Йене открыл глаза и увидел стоящую перед ним Ольгу. Ему нравилась ее робкая неуверенность, от которой у него просыпалось нестерпимое желание крепко сжать ее ладонь в своей руке и увести отсюда на свободу. Если бы только не увенчанная витками колючей проволоки десятиметровая стена, окружавшая полигон и ангары, и не вооруженные охранники, обходившие периметр день и ночь.
Поэтому он всего лишь произнес тихим голосом, который, кроме нее, никто не мог услышать:
'—Меня ищут.
— Кто?
— Моя дочь.
Глаза Ольги удивленно распахнулись. Эти мягкие небесные глаза, которые так точно угадывали его настроение.
— Я даже не знала, что у тебя есть дочь.
В ее голосе послышалась какая-то непривычная нотка, что-то похожее на сожаление, но он был слишком увлечен представившимися ему образами, чтобы заметить это.
— Я думал, что она погибла, — сказал он.
— А что случилось?
В эту секунду он явственно различил выстрел и быстро повернулся, еще не успев понять, что звук прогремел лишь у него в голове.
— Мы ехали в поезде. — Он вспомнил вагон для перевозки скота. Лютый холод, который превращал кровь в лед, режущий вены изнутри. Снова увидел синеющие на морозе губы жены и дочери, их кожу, сделавшуюся белее снега, покрывавшего бескрайние сибирские просторы. — Большевики были везде, — промолвил он. — Они останавливали всех белых, бежавших из страны. Выводили их из вагонов и…
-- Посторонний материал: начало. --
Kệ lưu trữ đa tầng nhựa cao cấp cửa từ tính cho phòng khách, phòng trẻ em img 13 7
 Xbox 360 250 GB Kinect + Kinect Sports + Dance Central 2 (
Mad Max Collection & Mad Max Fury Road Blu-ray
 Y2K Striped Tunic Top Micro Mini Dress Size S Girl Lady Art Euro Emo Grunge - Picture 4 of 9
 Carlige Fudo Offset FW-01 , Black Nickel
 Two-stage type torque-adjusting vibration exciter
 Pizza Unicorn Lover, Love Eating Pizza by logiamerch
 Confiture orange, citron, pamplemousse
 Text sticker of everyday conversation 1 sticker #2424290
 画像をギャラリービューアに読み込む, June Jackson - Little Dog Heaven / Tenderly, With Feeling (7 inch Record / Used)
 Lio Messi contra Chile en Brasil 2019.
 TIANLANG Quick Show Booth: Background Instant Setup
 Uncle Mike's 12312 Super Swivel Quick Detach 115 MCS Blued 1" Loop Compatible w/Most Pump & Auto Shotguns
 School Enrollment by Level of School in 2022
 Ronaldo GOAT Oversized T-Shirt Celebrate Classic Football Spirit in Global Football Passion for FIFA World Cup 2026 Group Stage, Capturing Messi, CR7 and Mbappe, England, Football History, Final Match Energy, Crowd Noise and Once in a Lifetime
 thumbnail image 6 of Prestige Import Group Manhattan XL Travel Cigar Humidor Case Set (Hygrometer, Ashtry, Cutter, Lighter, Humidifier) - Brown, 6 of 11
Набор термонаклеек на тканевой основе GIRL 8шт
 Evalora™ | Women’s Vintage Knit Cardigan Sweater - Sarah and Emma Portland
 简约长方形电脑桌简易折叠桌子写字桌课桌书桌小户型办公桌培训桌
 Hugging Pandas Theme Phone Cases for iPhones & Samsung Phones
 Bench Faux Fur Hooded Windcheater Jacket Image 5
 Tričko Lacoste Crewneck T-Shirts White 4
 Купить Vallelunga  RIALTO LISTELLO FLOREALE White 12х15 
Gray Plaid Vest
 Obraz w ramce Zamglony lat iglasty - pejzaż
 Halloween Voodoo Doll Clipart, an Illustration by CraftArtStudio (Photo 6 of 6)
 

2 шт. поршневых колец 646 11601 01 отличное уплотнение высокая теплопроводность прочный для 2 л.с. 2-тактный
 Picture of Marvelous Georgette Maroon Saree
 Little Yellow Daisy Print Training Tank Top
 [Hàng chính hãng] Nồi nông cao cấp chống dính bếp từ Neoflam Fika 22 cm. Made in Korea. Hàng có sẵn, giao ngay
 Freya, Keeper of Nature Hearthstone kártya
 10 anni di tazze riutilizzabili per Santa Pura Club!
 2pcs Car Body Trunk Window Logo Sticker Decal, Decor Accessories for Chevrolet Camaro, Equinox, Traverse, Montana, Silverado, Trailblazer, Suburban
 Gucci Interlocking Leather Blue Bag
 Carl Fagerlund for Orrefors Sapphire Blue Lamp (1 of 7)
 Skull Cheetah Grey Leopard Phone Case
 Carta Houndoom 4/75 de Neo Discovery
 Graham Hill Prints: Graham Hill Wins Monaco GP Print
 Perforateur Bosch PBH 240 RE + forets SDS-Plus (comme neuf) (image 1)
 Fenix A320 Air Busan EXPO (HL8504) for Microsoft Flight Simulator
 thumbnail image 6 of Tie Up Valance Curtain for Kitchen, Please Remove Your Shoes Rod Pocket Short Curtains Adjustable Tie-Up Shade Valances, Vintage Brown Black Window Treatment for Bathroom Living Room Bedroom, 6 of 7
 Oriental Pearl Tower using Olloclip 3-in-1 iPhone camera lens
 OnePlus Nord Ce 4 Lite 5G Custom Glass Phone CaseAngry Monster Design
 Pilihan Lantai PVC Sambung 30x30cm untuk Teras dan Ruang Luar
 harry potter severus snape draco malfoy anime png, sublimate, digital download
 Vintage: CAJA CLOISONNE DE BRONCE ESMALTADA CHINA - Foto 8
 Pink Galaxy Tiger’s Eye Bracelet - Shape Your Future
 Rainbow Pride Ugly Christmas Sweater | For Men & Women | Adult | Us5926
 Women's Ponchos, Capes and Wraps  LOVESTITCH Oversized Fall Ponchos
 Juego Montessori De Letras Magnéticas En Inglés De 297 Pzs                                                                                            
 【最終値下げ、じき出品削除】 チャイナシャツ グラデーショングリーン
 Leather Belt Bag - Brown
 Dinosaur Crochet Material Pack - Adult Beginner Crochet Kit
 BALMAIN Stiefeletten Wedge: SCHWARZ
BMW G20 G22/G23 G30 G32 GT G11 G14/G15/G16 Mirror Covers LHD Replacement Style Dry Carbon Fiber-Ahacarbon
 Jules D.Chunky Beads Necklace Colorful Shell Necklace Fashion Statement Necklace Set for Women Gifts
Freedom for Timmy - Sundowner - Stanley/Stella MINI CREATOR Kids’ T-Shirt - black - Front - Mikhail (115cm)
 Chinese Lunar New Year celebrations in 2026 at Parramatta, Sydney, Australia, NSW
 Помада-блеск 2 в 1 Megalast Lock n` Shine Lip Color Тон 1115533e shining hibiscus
Он скривился и закурил еще одну сигарету, чтобы не чувствовать появившийся во рту вкус смерти.
— Расстреливали? — спросила Ольга.
Он кивнул.
— Мне повезло. Из-за того, что я датчанин, меня не расстреляли, а отправили в трудовой лагерь. — Он сделал глубокую затяжку. — Повезло, — горько повторил он. — Смотря какой смысл вкладывать в это слово, верно?
— А твои жена и дочь? Что с ними случилось?
— Я считал, что их убили.
— А теперь услышал, что дочь жива?
— Да. — Он неожиданно широко улыбнулся, удивив и Ольгу, и самого себя. — Ее зовут Лида.